VRAM Optimization Recommendations

Several optimizations can save VRAM if you don't need the full context window:

Reduce Context Size

Set --ctx-size explicitly to potentially save VRAM. Currently using 131K context to prevent OOM. Lower context values (e.g., 64K or 32K) would free significant VRAM for other uses.

KV Cache Quantization

Switch from Q8_0 to Q4_0 KV cache to enable full 180K+ context. This comes at the cost of some quality on long-context recall, but may be acceptable for many use cases.

Monitor Long-Running Sessions

KV cache grows with sequence length. Long conversations or multiple concurrent users will fill VRAM faster than expected due to the pre-allocated 131K token buffer.

Would I Recommend This?

TL;DR: Yes, with caveats. This is a very good model. I am satisfied with the quality despite the heavy quantization, and I can tolerate the tokens per second, although it is meaningfully slower than MiniMax M2.5 or Qwen3-Coder-Next (but this is expected).

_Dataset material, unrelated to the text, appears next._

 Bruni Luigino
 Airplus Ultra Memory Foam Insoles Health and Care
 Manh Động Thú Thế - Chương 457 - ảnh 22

The model successfully passed our testing, which included performance baselines, writing this blog post, and creating a meal plan and grocery list for the week. The quality is impressive given the extreme 1-bit quantization, suggesting that the knowledge encoded in 358B parameters can survive such heavy compression.

However, there are trade-offs to consider:

For production use, I'd still recommend GLM-4.7-Flash (Q5_K_M) as the safer choice due to its faster decode speed and lower resource requirements. But for research, experimentation, or when you need the absolute maximum model capacity that can fit in your hardware, this GLM-4.7 (IQ1_M) configuration is a viable option that delivers surprisingly good quality.